### PROMPT
Use the entries below and reproduce exactly the lines from the one containing "Proposition C is" down to the one containing "Конструкция ребер не", both of them included.

### Recorded data
+++
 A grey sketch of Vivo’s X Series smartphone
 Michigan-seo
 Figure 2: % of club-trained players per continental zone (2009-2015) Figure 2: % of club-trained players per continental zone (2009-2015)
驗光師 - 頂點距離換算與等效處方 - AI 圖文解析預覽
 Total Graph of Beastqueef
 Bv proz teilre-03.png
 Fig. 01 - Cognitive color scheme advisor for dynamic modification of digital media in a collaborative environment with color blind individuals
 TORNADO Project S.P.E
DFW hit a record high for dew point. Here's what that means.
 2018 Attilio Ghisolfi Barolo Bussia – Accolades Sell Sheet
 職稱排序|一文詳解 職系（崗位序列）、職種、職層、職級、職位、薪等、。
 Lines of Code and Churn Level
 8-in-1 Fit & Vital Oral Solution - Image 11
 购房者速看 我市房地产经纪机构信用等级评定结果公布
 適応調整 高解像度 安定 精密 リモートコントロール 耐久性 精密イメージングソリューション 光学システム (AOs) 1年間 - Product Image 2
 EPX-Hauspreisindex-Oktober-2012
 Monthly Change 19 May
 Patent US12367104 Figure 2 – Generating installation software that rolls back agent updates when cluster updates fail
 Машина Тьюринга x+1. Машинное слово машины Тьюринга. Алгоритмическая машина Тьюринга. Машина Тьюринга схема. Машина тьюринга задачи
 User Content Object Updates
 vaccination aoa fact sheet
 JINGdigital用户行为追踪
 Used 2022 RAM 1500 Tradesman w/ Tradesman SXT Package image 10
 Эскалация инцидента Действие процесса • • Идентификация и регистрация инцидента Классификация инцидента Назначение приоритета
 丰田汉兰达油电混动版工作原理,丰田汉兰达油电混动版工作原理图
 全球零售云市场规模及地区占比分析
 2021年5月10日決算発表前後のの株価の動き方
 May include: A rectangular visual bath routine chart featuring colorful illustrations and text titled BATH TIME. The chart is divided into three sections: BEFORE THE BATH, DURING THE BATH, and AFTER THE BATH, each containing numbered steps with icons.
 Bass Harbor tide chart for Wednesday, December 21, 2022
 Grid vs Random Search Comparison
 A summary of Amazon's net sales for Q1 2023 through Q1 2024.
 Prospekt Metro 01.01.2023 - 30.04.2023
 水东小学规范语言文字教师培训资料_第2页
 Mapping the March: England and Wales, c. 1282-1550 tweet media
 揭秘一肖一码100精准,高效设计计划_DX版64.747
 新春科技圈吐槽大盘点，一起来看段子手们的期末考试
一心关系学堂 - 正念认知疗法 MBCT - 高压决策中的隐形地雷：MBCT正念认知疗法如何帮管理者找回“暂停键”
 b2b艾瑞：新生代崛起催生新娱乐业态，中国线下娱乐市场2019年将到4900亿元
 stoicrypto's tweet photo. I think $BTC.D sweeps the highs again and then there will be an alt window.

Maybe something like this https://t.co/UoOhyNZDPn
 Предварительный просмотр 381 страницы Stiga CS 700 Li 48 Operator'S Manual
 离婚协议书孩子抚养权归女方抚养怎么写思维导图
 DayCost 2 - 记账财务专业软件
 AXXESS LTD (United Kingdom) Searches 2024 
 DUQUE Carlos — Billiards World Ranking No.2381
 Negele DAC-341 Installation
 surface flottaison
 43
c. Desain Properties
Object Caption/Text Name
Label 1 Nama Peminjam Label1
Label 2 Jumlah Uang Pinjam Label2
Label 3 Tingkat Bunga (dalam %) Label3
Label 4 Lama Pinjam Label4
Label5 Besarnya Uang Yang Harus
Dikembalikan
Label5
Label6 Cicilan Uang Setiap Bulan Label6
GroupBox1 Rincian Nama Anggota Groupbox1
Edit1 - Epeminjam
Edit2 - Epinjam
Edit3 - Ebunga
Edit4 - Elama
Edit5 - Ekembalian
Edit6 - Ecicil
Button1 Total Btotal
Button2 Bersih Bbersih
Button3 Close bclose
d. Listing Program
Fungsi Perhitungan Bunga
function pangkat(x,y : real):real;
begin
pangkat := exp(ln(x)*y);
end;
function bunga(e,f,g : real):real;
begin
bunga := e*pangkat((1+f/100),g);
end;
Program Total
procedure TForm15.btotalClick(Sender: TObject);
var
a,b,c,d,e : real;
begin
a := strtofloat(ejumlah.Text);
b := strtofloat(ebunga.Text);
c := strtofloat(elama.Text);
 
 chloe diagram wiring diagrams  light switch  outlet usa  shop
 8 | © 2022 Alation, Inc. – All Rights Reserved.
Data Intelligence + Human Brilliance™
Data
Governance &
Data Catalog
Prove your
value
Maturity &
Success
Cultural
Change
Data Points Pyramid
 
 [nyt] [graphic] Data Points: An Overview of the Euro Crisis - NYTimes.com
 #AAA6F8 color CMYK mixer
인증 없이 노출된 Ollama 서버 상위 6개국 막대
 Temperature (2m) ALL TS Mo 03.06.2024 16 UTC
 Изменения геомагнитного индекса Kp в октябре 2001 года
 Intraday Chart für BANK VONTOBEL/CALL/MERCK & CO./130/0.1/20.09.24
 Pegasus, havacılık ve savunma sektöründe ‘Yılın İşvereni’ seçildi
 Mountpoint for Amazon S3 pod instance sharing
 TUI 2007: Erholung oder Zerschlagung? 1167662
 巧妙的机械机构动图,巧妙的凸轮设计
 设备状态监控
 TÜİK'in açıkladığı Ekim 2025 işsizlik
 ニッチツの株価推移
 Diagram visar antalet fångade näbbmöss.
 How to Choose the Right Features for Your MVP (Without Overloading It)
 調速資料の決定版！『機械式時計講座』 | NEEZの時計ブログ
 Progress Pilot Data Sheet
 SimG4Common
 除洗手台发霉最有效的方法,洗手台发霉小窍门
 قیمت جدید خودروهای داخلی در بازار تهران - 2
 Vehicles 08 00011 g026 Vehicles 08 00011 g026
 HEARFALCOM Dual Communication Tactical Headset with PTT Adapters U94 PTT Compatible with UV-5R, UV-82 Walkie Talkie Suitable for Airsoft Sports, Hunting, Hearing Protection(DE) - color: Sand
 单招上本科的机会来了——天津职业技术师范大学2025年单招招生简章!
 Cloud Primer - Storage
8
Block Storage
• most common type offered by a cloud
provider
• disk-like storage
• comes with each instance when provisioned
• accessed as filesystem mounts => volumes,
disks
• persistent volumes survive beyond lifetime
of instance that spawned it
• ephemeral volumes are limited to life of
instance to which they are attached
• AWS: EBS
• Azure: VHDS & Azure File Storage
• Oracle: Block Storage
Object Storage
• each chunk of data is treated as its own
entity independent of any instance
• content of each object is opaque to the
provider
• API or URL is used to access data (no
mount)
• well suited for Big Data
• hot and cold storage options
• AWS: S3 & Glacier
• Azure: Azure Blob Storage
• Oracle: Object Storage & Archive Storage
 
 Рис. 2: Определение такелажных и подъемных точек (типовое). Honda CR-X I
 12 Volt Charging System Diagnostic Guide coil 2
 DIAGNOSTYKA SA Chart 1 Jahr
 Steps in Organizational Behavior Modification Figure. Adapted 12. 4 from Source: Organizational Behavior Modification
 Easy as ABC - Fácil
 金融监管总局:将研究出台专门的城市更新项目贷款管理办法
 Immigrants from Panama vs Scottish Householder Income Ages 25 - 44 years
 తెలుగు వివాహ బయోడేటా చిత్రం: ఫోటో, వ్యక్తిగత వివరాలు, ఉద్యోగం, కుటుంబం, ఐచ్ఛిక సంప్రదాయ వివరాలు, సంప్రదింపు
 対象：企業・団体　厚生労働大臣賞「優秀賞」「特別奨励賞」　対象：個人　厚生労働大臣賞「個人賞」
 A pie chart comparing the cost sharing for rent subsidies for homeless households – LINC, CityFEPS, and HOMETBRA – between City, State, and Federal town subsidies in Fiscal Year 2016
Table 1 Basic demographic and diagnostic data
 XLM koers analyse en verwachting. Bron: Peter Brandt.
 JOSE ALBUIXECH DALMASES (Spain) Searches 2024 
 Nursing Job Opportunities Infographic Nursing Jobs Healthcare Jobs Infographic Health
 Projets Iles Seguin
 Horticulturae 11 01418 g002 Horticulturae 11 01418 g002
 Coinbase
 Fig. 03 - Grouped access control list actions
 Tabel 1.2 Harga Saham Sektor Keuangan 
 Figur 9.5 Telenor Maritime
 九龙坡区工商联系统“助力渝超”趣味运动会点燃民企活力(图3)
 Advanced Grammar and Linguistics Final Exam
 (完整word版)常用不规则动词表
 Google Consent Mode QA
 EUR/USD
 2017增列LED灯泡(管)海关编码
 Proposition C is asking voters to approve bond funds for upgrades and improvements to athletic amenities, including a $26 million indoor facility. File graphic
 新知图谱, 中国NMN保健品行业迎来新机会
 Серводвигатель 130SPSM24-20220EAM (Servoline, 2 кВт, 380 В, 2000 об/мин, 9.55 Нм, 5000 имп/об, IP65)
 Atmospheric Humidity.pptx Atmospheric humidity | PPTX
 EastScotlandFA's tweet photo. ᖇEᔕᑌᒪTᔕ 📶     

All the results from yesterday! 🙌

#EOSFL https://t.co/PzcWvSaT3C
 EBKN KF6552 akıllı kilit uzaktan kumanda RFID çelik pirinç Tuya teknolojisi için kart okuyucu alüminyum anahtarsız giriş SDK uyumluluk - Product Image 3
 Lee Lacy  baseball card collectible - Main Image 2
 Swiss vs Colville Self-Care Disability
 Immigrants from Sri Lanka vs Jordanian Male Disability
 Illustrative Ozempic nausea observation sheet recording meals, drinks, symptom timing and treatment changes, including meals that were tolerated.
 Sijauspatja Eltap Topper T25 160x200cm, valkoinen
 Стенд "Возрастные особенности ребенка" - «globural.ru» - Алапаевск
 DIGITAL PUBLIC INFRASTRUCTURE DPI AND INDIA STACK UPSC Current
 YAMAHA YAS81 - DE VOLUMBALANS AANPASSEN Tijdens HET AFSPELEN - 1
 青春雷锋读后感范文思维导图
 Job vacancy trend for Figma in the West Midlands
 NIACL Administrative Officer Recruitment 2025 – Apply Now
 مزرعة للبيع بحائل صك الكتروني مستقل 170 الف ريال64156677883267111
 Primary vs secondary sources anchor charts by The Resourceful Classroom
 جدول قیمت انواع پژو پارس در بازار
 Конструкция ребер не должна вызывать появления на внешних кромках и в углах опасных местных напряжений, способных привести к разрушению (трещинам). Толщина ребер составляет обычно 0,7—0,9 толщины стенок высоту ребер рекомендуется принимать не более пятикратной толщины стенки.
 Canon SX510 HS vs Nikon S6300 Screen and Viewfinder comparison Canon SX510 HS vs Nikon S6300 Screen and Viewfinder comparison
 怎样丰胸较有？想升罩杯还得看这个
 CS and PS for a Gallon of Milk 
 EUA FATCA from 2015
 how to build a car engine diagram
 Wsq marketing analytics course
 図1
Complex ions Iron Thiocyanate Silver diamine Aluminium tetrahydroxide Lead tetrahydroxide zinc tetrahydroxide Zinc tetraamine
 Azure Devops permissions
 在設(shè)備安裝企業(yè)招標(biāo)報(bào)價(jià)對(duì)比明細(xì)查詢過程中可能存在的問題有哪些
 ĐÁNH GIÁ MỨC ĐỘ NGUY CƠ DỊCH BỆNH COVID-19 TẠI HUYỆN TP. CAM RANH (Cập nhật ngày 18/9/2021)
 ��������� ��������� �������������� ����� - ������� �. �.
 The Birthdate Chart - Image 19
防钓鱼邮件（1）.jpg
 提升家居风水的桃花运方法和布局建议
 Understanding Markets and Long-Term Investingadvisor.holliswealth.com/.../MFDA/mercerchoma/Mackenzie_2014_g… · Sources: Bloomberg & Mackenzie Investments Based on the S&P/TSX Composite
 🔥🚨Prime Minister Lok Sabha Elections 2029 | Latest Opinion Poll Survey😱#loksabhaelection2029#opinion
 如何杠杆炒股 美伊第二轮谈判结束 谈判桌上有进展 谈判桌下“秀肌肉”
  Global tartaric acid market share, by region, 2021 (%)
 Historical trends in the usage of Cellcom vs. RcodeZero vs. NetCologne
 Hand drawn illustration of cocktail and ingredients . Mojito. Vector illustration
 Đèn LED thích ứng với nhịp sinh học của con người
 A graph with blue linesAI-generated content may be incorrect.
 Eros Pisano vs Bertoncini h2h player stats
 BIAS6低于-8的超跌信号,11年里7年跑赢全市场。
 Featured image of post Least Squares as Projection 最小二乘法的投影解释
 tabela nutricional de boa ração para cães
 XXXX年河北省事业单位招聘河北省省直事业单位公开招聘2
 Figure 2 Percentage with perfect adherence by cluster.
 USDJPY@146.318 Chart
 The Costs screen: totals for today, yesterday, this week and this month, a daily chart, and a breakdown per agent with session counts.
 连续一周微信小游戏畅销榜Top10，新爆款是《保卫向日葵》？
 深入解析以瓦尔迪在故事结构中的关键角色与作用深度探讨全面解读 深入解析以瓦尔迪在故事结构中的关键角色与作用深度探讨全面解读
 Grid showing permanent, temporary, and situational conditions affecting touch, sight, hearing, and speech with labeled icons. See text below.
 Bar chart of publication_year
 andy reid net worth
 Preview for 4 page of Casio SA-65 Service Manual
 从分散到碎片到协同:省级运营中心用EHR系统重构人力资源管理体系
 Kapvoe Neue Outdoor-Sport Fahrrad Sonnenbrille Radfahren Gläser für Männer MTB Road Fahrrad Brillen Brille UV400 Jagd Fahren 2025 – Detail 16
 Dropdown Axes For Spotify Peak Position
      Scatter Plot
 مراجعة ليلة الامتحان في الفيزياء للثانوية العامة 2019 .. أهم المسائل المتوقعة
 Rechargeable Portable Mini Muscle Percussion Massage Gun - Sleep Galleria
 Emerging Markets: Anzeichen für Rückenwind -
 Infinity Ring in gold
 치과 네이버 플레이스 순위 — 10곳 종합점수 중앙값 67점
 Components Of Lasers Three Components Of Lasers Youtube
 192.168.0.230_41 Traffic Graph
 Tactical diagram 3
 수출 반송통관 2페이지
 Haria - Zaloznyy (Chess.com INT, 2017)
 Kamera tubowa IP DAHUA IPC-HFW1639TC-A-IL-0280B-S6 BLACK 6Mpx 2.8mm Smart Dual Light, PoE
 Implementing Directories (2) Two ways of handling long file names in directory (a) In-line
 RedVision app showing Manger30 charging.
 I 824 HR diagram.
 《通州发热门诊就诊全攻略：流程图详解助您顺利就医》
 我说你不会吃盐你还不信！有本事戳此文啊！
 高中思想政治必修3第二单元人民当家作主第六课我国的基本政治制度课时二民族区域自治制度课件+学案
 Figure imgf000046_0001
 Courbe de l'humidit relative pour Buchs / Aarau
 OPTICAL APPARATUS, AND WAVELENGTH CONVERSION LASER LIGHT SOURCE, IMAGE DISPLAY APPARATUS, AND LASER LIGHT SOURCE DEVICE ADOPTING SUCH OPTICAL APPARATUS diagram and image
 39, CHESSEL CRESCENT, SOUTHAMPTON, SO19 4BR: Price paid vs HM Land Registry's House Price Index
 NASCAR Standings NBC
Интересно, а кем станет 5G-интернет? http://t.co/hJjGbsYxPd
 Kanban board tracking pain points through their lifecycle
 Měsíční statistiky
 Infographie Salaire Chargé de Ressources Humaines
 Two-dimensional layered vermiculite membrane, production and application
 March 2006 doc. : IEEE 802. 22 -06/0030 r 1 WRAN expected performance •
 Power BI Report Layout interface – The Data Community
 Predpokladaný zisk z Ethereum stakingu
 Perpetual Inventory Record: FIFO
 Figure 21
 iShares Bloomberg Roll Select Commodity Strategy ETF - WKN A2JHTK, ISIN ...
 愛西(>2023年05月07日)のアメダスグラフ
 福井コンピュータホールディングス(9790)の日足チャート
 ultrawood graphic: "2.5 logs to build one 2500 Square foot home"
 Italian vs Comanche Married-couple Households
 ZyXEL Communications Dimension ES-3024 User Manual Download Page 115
+++
### ANSWER
 Proposition C is asking voters to approve bond funds for upgrades and improvements to athletic amenities, including a $26 million indoor facility. File graphic
 新知图谱, 中国NMN保健品行业迎来新机会
 Серводвигатель 130SPSM24-20220EAM (Servoline, 2 кВт, 380 В, 2000 об/мин, 9.55 Нм, 5000 имп/об, IP65)
 Atmospheric Humidity.pptx Atmospheric humidity | PPTX
 EastScotlandFA's tweet photo. ᖇEᔕᑌᒪTᔕ 📶     

All the results from yesterday! 🙌

#EOSFL https://t.co/PzcWvSaT3C
 EBKN KF6552 akıllı kilit uzaktan kumanda RFID çelik pirinç Tuya teknolojisi için kart okuyucu alüminyum anahtarsız giriş SDK uyumluluk - Product Image 3
 Lee Lacy  baseball card collectible - Main Image 2
 Swiss vs Colville Self-Care Disability
 Immigrants from Sri Lanka vs Jordanian Male Disability
 Illustrative Ozempic nausea observation sheet recording meals, drinks, symptom timing and treatment changes, including meals that were tolerated.
 Sijauspatja Eltap Topper T25 160x200cm, valkoinen
 Стенд "Возрастные особенности ребенка" - «globural.ru» - Алапаевск
 DIGITAL PUBLIC INFRASTRUCTURE DPI AND INDIA STACK UPSC Current
 YAMAHA YAS81 - DE VOLUMBALANS AANPASSEN Tijdens HET AFSPELEN - 1
 青春雷锋读后感范文思维导图
 Job vacancy trend for Figma in the West Midlands
 NIACL Administrative Officer Recruitment 2025 – Apply Now
 مزرعة للبيع بحائل صك الكتروني مستقل 170 الف ريال64156677883267111
 Primary vs secondary sources anchor charts by The Resourceful Classroom
 جدول قیمت انواع پژو پارس در بازار
 Конструкция ребер не должна вызывать появления на внешних кромках и в углах опасных местных напряжений, способных привести к разрушению (трещинам). Толщина ребер составляет обычно 0,7—0,9 толщины стенок высоту ребер рекомендуется принимать не более пятикратной толщины стенки.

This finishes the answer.